■ **Task requirements**
The lines wanted are those from the one containing "Dark Black Zircon" to the last line of the entries below; output them exactly, leaving out pictures.

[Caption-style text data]
[Start of Attachment]
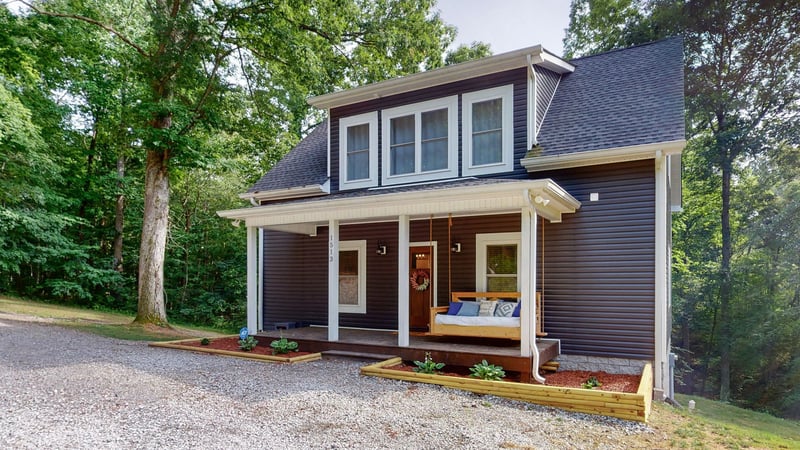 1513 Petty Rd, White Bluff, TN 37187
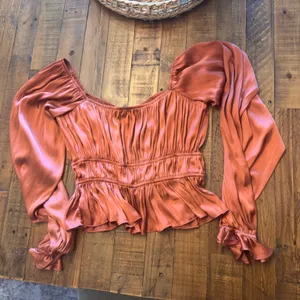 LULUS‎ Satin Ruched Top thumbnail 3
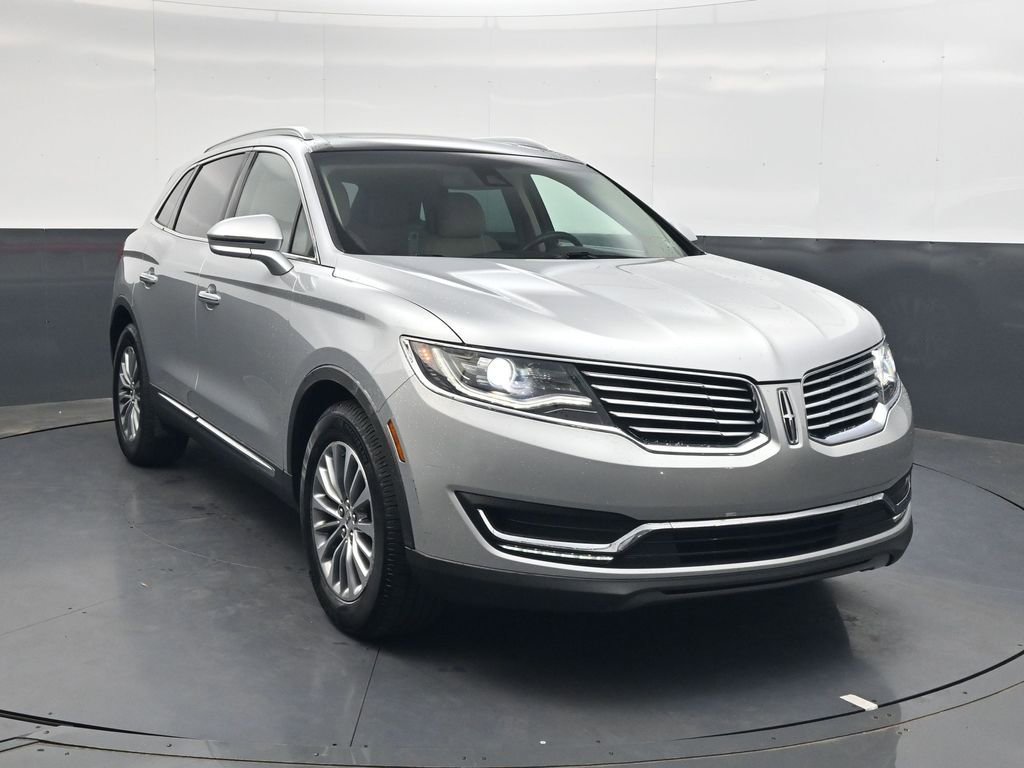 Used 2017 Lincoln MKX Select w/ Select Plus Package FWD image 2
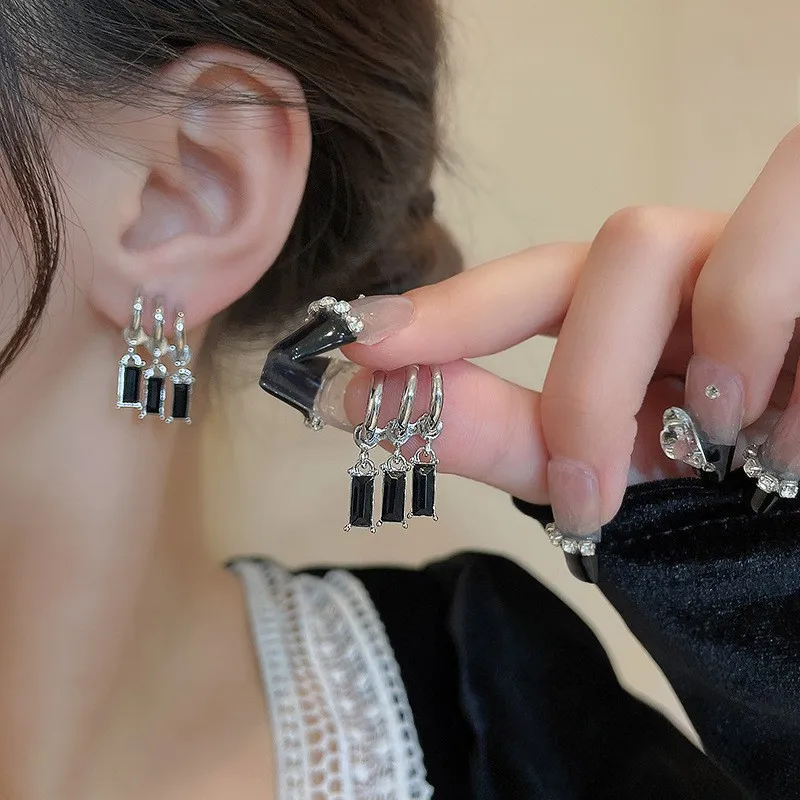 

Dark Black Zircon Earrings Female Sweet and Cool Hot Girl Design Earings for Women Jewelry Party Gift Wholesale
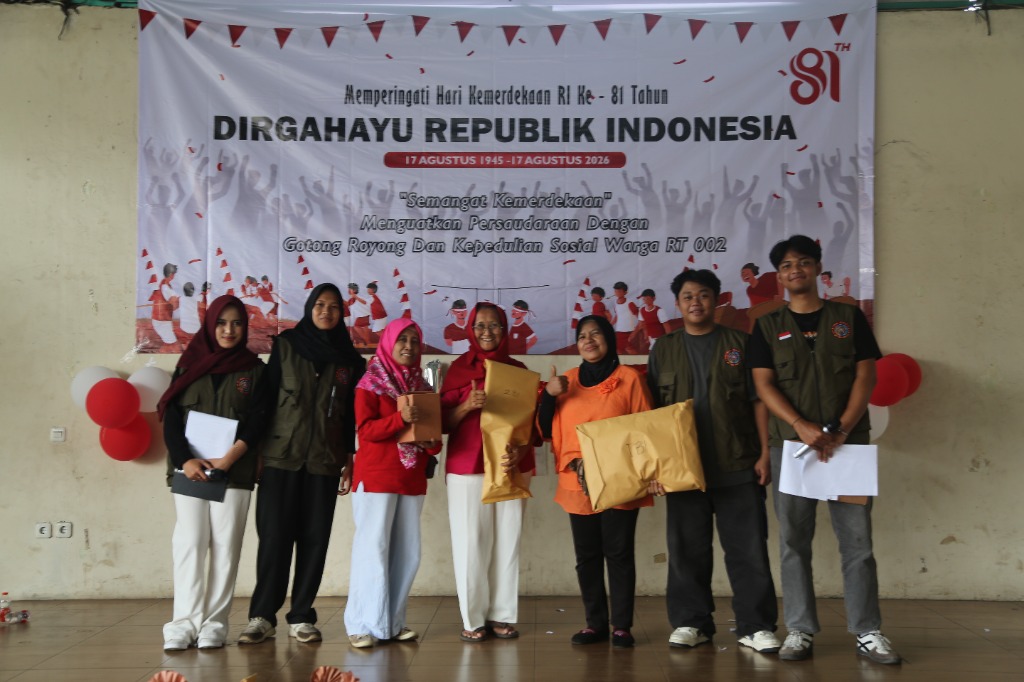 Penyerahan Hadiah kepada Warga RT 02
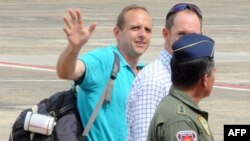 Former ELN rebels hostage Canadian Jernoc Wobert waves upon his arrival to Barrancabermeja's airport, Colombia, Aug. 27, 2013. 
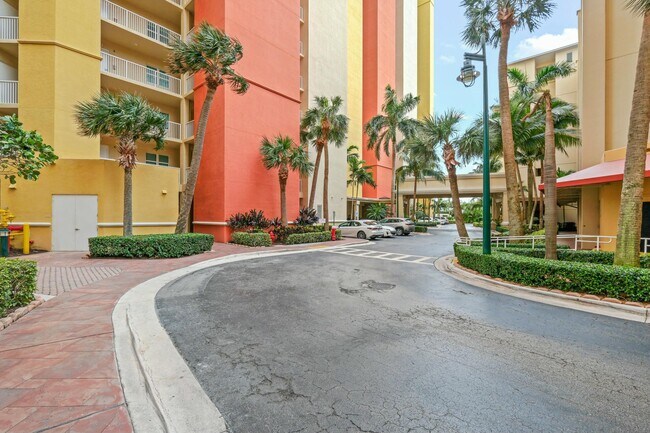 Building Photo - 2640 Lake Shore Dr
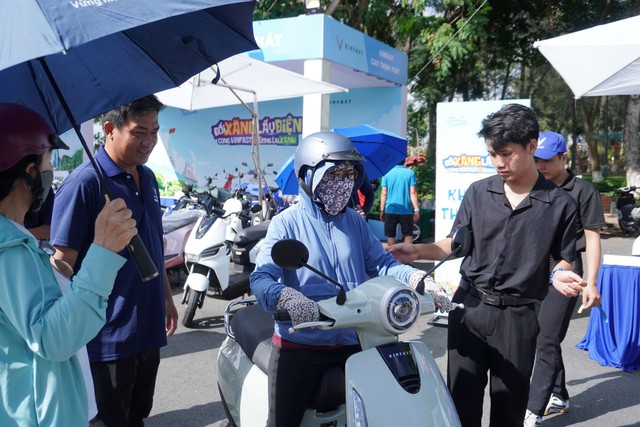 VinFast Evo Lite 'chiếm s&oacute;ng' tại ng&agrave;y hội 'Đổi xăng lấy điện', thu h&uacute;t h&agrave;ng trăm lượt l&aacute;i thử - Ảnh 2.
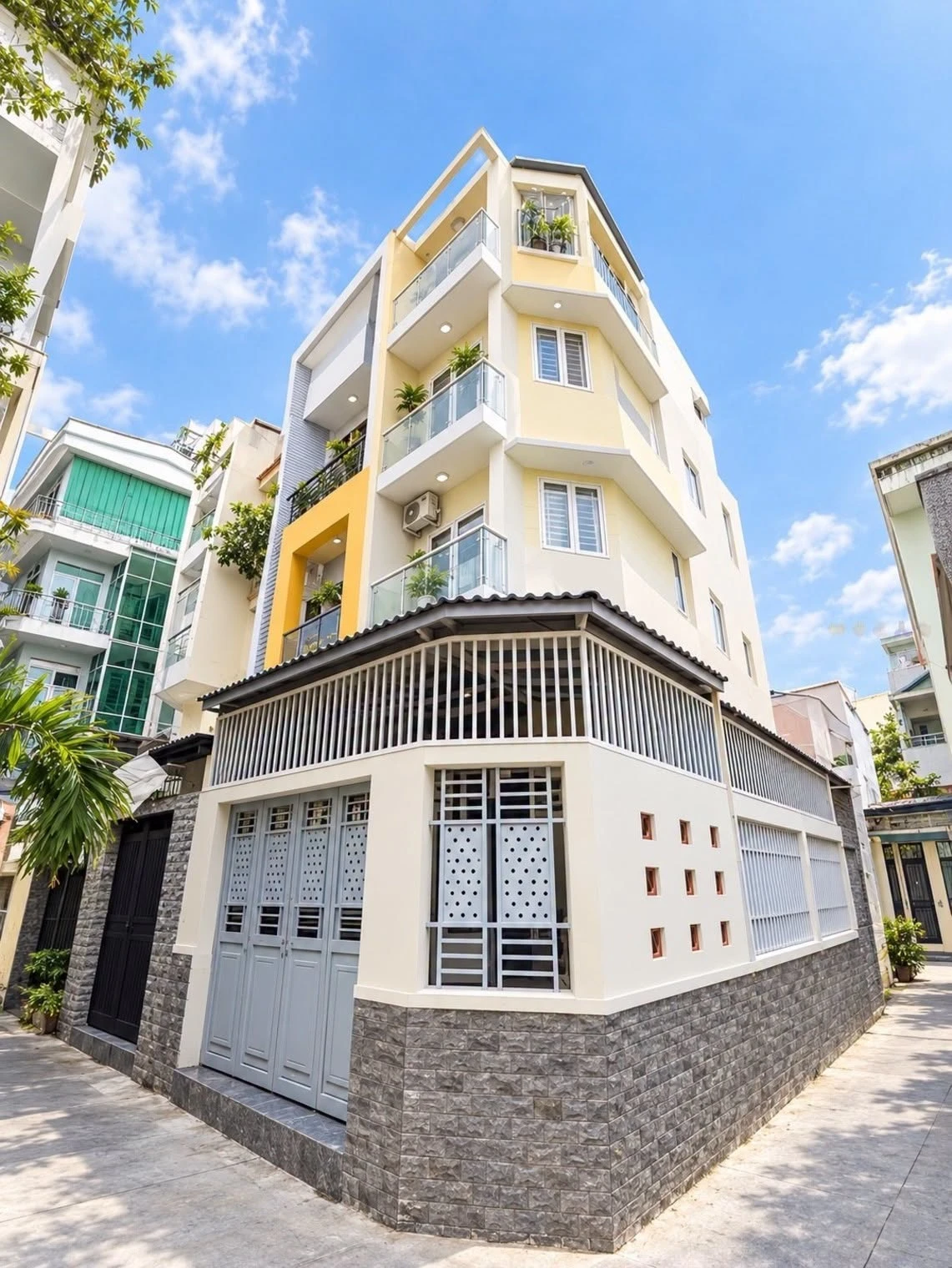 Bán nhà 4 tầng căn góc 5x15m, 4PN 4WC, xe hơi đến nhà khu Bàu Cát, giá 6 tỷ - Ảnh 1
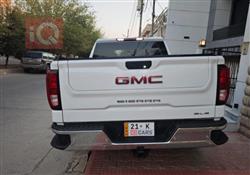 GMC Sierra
[End of Attachment]
■ **Response area**
Dark Black Zircon Earrings Female Sweet and Cool Hot Girl Design Earings for Women Jewelry Party Gift Wholesale
 Penyerahan Hadiah kepada Warga RT 02
 Former ELN rebels hostage Canadian Jernoc Wobert waves upon his arrival to Barrancabermeja's airport, Colombia, Aug. 27, 2013. 
 Building Photo - 2640 Lake Shore Dr
 VinFast Evo Lite 'chiếm s&oacute;ng' tại ng&agrave;y hội 'Đổi xăng lấy điện', thu h&uacute;t h&agrave;ng trăm lượt l&aacute;i thử - Ảnh 2.
 Bán nhà 4 tầng căn góc 5x15m, 4PN 4WC, xe hơi đến nhà khu Bàu Cát, giá 6 tỷ - Ảnh 1
 GMC Sierra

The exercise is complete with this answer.